An effort was made not to introduce new terminology, but rather to adopt terms with a long tradition both in universities and in the broader museum community.
The teaching collection: What is it and where did it appear?
The teaching collection is a long survivor - it is the Methuselah of university collections. However, where and when exactly the teaching collection did appear is not at all clear. Some authors say that there were hardly any collections in medieval Europe apart from the royal treasures and Church collections (e.g. Lewis 1984, Belk 1995). In the specific case of medieval universities, there are records of archives, commemorative objects, sacred art, manuscripts, and in due course, printed books (Gieysztor 1996).
The scholastic atmosphere and the theoretical nature of medieval teaching did not stimulate collections.

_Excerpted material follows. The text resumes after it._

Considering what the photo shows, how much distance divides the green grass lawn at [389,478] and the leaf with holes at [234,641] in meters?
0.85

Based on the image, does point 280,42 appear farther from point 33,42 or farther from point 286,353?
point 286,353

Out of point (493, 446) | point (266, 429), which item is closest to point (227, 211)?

On the one hand, we cannot say that direct observation and experimentation were emblematic of this period. Medieval ages venerated the rare, the unusual, the wonderful and the miraculous. Natural history was for a large part dominated by beasts like unicorns and mermaids, mostly due to a book written between the second and fifth century by the anonymous author known as Physiologus (Ritterbush 1969, Whitehead 1970). Moreover, the notion of 'research' and 'scientific progress' were ignored in medieval universities (Verger 1996). The engagement of the university in the discovery and the advancement of knowledge would only come later, with the Enlightenment and the establishment of national states (Rudy 1984)4. Neither was pedagogy what it is now. In early universities5, a typical class would begin with the reading of the official texts, followed by comments by the teacher - this was called the lectio, and its purpose was to accustom students to the "authorities". The lectio was followed by the disputatio, an oral debate when specific cases where discussed and constant reference to the authorities was required, either to establish, sustain or refute a given thesis (Verger 1973, Verger 1996). The lectio-disputatio model was universal in early universities6. Within such a framework, there is little need for collections (Boylan 1999).

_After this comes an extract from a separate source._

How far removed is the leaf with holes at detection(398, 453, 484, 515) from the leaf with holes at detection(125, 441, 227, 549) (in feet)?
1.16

However, when we learn about the contents taught in medieval universities, we become suspicious. Universities were organised under the classical model of the four faculties: Arts, Theology, Law and Medicine. The Arts were seven, grouped under the trivium and the quadrivium. The trivium included Grammar, Rhetoric and Logic, and the quadrivium comprised Music, Arithmetic, Geometry and Astronomy. Could there have been some sort of 'collections', at least in the teaching of medicine and the arts?

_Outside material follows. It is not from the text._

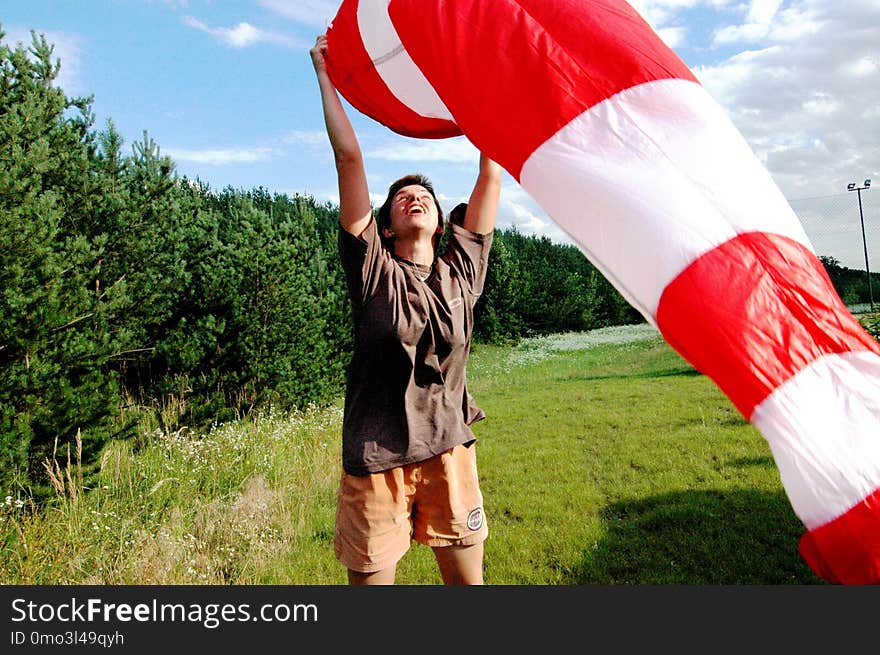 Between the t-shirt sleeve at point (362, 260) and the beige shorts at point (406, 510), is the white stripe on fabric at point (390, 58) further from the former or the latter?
the beige shorts at point (406, 510)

Actually, sources in the history of teaching do confirm this assumption. Although the term 'collection' is indeed absent7, there are records of object use in teaching at least during the late middle age period. In the first half of the 14th century the calculators in Merton College (Oxford) were pioneers in the application of mathematical laws into the study of movement and they also measured physical properties of bodies (Leff 1996). The same happened in Paris, with Nicole d'Oresme, in 1350, and earlier with both John Buridan, a professor of the Faculty of Arts, and Albert de Saxe (Leff 1996). It is certain that "the Oxford calculators and the Parisian logics created mathematical and mechanical instruments" (Leff 1996: 329) - and if so, they most likely used them for teaching. In general, physics and the quadrivium developed musical, optical and astronomical instruments that served "both for practical purposes and for research [sic]" (Rüegg 1996a: 27). Instruments like the quadrant, early models of astrolabes, solar clocks and the equatorium (for the study of Euclidean Astronomy) were used with teaching objectives. The University of Krakow is an early example because an independent Astronomy course started there as early as 1349 (North 1996).
As far as Medicine is concerned8, "practical demonstrations existed ever since the first medical schools in Salerno [Italy]" (Siraisi 1996: 366). Public dissections started in Bologna as early as in 1316, and in Montpellier dissections were statutorily established in 1340 (Siraisi 1996). Anatomy and pathology were taught in Paris since 1267 and at the time, although official dissections were not frequent, teachers regularly performed private dissections for their students (Clin 1994). The objectives of dissections were more related to the teaching of human anatomy than to the techniques of dissecting (supposedly the task of surgeons)9, therefore bones were likely to be cleaned and preserved for future use. Moreover, although the first confirmed record of a hortus medicus in universities dates to the 1450s, they probably existed earlier in some rudimentary form: a) first, herbs were cultivated for medical reasons in Europe at least since the 9th century10; b) second, the Arab treaties used in medieval university teaching explicitly considered botanical pharmacology as an independent area of treatment (Siraisi 1996), and c) medicine students had to be familiar with Aristotle's libri naturales.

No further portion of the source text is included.